Some cars may be old, but Cubans have become the best mechanics in the world so they run with ease; the buildings may appear old, but only if fresh coats of paint are what stand between you and comfort. This is the energy which led to the creation of La Casa Tomada MirArte (“The Taken or ‘Reclaimed’ House”), a Black LGBTQ community center in Habana, where artist, educator, and activist Myrna Dickson decided to reclaim an abandoned home and turn it into a bastion of art, learning, and safety. I was warmly surprised to see drawings of Marsha P. Johnson and Nina Simone hanging from the walls in the kitchen, alongside large, breathtaking paintings of Black people in an almost cubist style by artist Daymi Ticet. Here, the meal was intentional and warm, an embrace from friends and now family which felt familiar, where every single spice, flower, and food item on the table was specially curated in hopes of not only satisfying our hunger but honoring our ancestors as well.

Back in Matanzas, the San Severino Castle stands as a massive stone fortress by the sea, built by enslaved Africans in the 18th century. Like the Casa Tomada, the walls of this castle have been reclaimed and it now functions as a historic site of slavery in the Caribbean, and an African cultural site for the island surrounding it. While I was there, I was able to immerse myself in a wonderfully endearing and powerful exhibition they had at the castle on Nelson Mandela. As I walked through the incredibly intentional exhibition, the archival imagery of Fidel and Nelson’s long walk of friendship and solidarity, the hanging nooses which represented the Sharpville Six, the walls plastered with international posters of solidarity spanning countries and continents of coordinated anti-apartheid action, all resting atop a mountainous castle which existed for the preservation of slavery’s history, I couldn’t help but swell with emotion. This is Afro-Cuba, a space of cross-cultural and continental solidarity, a place and a state of mind which says we can always make anew so long as we let the past guide us, a tangible revolution which has not yet been stopped but is continuing in the everyday work of Cubans like the Afrodescendant Neighborhood Network.

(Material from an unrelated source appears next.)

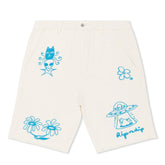 Blonded Denim Shorts (Off White) - Four Street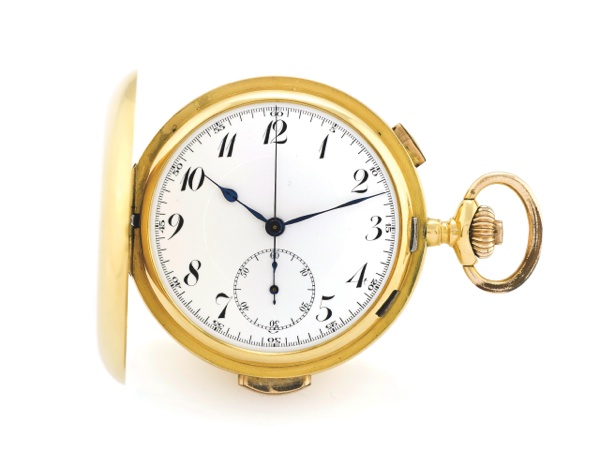 MINUTE REPEATER & CHRONOGRAPH.YELLOW GOLD.Attributed to Levrette Watch Co., La Chaux de Fonds, ‘Répétition’, No. 35995. Made circa 1900..Fine, large, hunting-cased, keyless, minute-repeating, 18K gold pocket watch with chronograph.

Kimbo, the man photographed in the “100% Black” t-shirt, is the type of man you meet once in a lifetime. He has an energy that is profound, loud, special in a way that can make you uncomfortable if you’ve never met a true community leader and organizer. At one point during my stay with him, he tells me with clarity and force, “Vivimos en una sociedad revolucionaria, eso es lo que me dijo Fidel, y yo soy un Fidelista hasta muerto. Entonces, por qué debería bajar la guardia? Por qué no continuaríamos nuestra lucha contra el racismo en honor a Fidel?” In his words I hear the group most loyal to the revolution expressing their commitment to continue it, and in his face I see the commitment, and he invites me and the rest of the diaspora to join them in their perpetually profound assertion of Blackness. These photographs are just a small snippet of the power, resilience, and cultural insurgency which comes from a people who have continued to make do, to maintain, to reinvigorate and recharge and recommunicate and upcycle, who beckoned revolution and refused to let it stop, who, like Black people in every society, will create fire from ashes and warm entire villages.